DATA FOR ANALYSIS below:
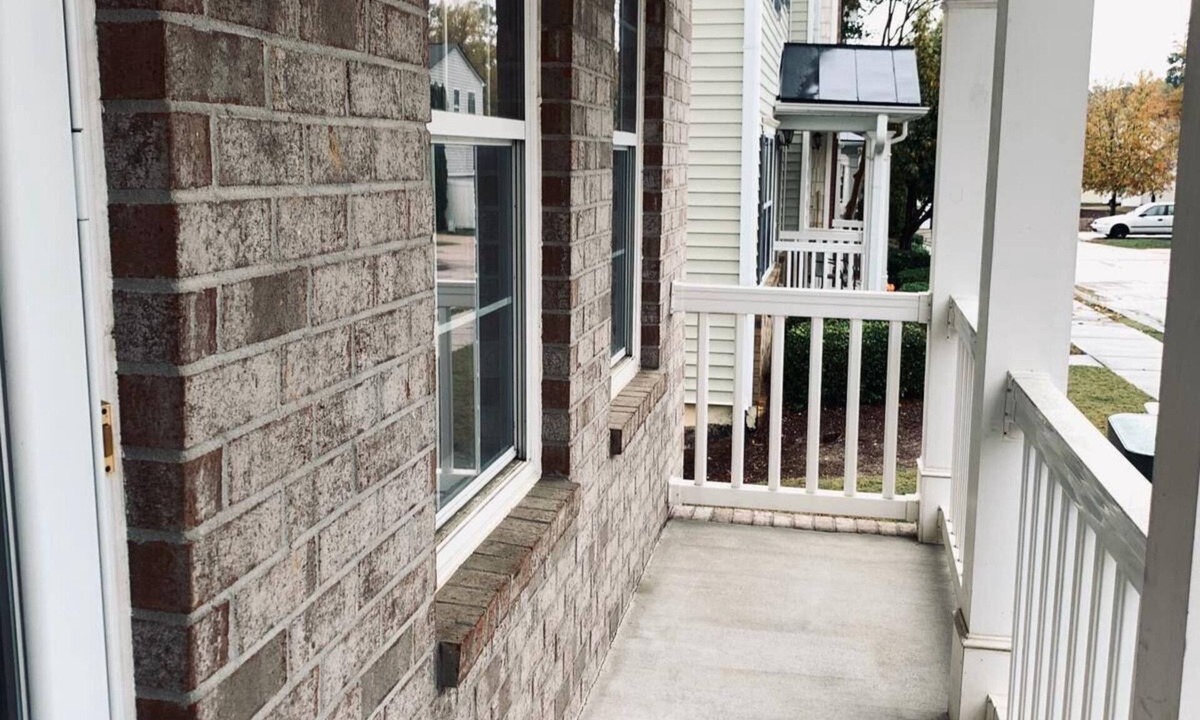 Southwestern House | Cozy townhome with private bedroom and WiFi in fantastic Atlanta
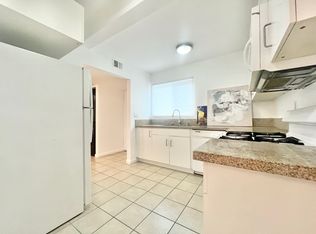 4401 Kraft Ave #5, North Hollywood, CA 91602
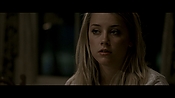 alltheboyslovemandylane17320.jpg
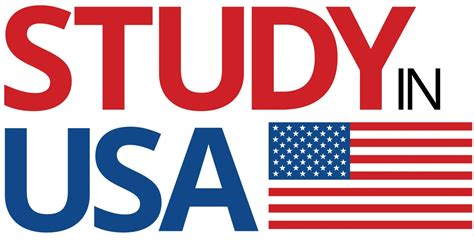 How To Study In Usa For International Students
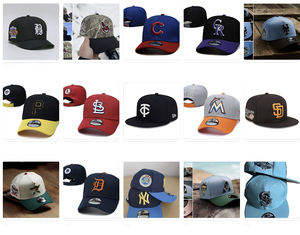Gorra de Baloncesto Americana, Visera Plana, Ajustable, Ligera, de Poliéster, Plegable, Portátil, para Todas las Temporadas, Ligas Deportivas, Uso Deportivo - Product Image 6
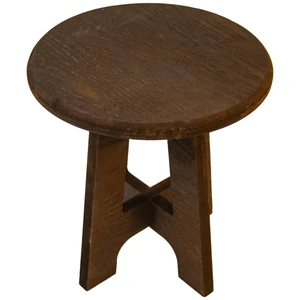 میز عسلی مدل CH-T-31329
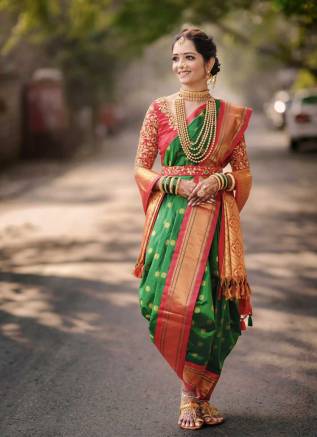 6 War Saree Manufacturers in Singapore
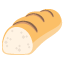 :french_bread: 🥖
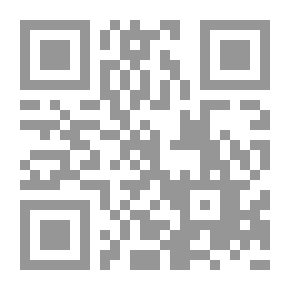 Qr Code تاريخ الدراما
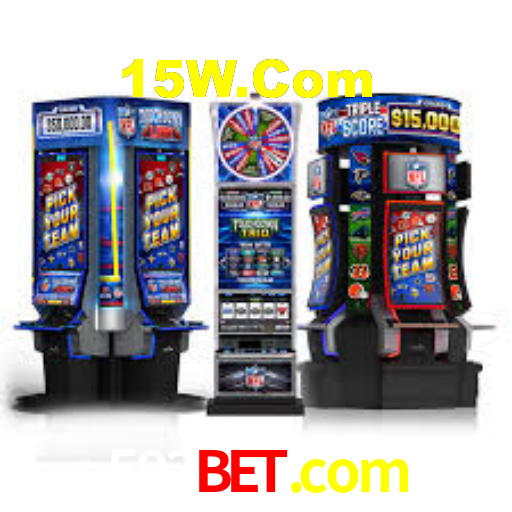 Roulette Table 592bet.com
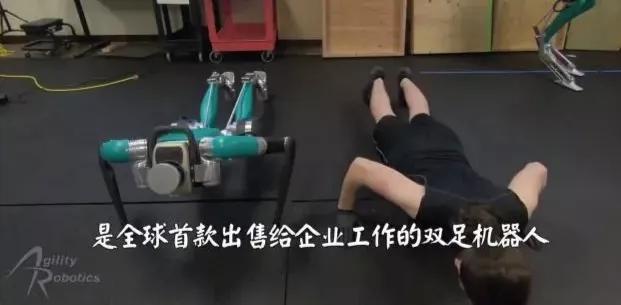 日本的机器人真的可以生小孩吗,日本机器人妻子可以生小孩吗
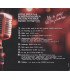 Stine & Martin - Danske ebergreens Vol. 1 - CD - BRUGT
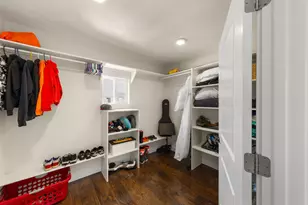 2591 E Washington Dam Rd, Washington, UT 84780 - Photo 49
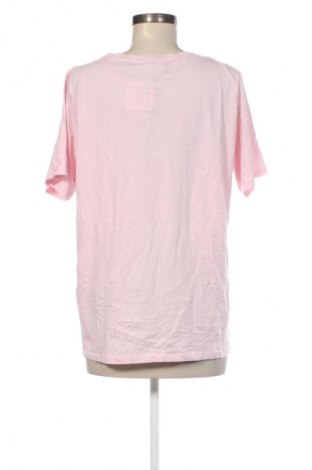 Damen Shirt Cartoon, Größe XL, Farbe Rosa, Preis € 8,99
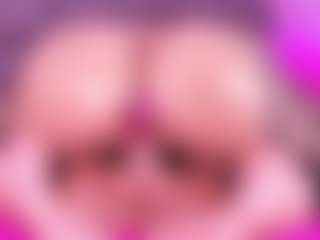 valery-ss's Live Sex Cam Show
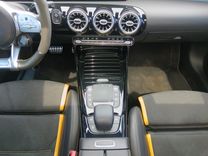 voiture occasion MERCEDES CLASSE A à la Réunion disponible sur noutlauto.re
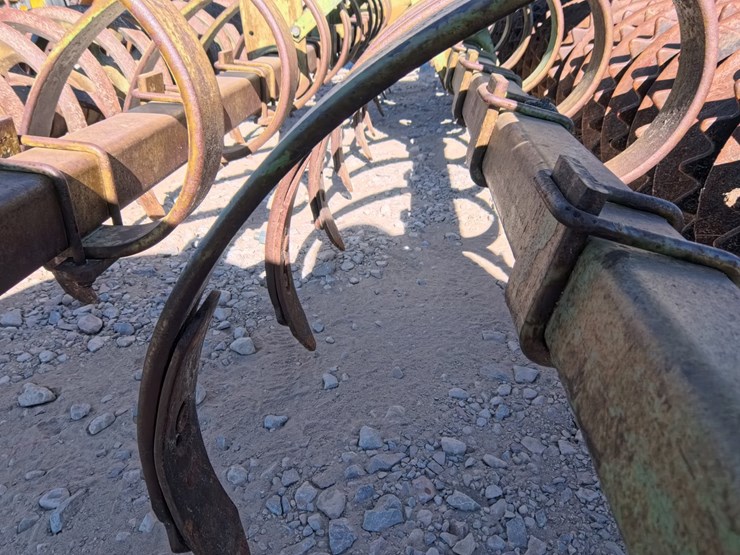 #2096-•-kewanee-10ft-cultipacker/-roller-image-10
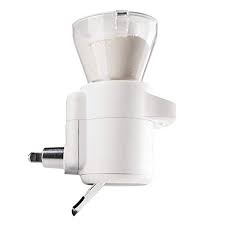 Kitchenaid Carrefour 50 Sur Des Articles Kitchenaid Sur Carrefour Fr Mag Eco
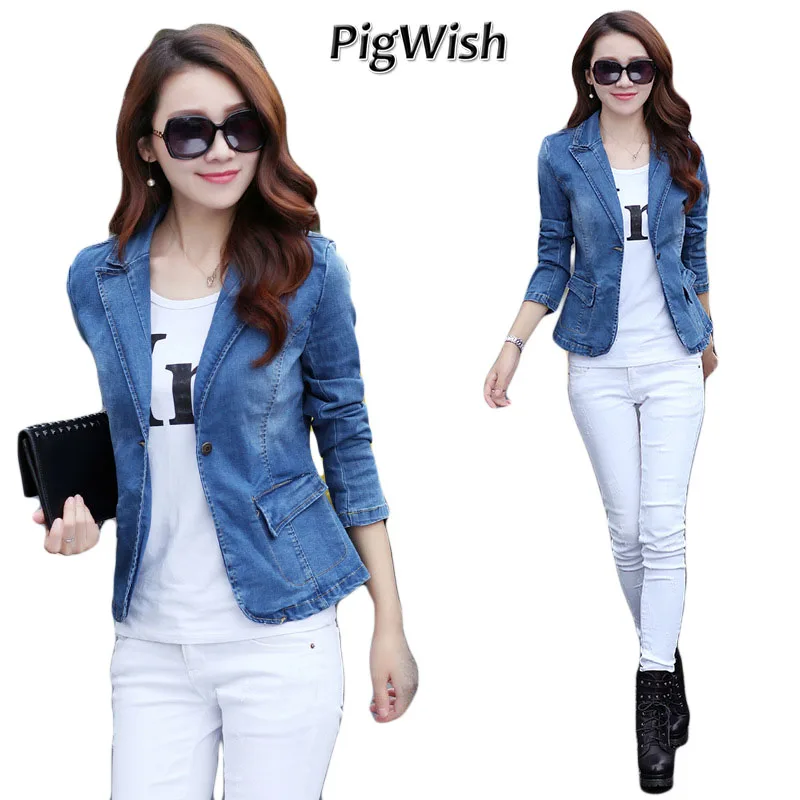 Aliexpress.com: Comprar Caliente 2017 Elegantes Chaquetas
End of DATA FOR ANALYSIS.
- **EXERCISE DIRECTIONS**:
Exclude all images and retype the data precisely.

- **PROBLEM SOLUTION**:
 Southwestern House | Cozy townhome with private bedroom and WiFi in fantastic Atlanta
 4401 Kraft Ave #5, North Hollywood, CA 91602
 alltheboyslovemandylane17320.jpg
 How To Study In Usa For International Students
Gorra de Baloncesto Americana, Visera Plana, Ajustable, Ligera, de Poliéster, Plegable, Portátil, para Todas las Temporadas, Ligas Deportivas, Uso Deportivo - Product Image 6
 میز عسلی مدل CH-T-31329
 6 War Saree Manufacturers in Singapore
 :french_bread: 🥖
 Qr Code تاريخ الدراما
 Roulette Table 592bet.com
 日本的机器人真的可以生小孩吗,日本机器人妻子可以生小孩吗
 Stine & Martin - Danske ebergreens Vol. 1 - CD - BRUGT
 2591 E Washington Dam Rd, Washington, UT 84780 - Photo 49
 Damen Shirt Cartoon, Größe XL, Farbe Rosa, Preis € 8,99
 valery-ss's Live Sex Cam Show
 voiture occasion MERCEDES CLASSE A à la Réunion disponible sur noutlauto.re
 #2096-•-kewanee-10ft-cultipacker/-roller-image-10
 Kitchenaid Carrefour 50 Sur Des Articles Kitchenaid Sur Carrefour Fr Mag Eco
 Aliexpress.com: Comprar Caliente 2017 Elegantes Chaquetas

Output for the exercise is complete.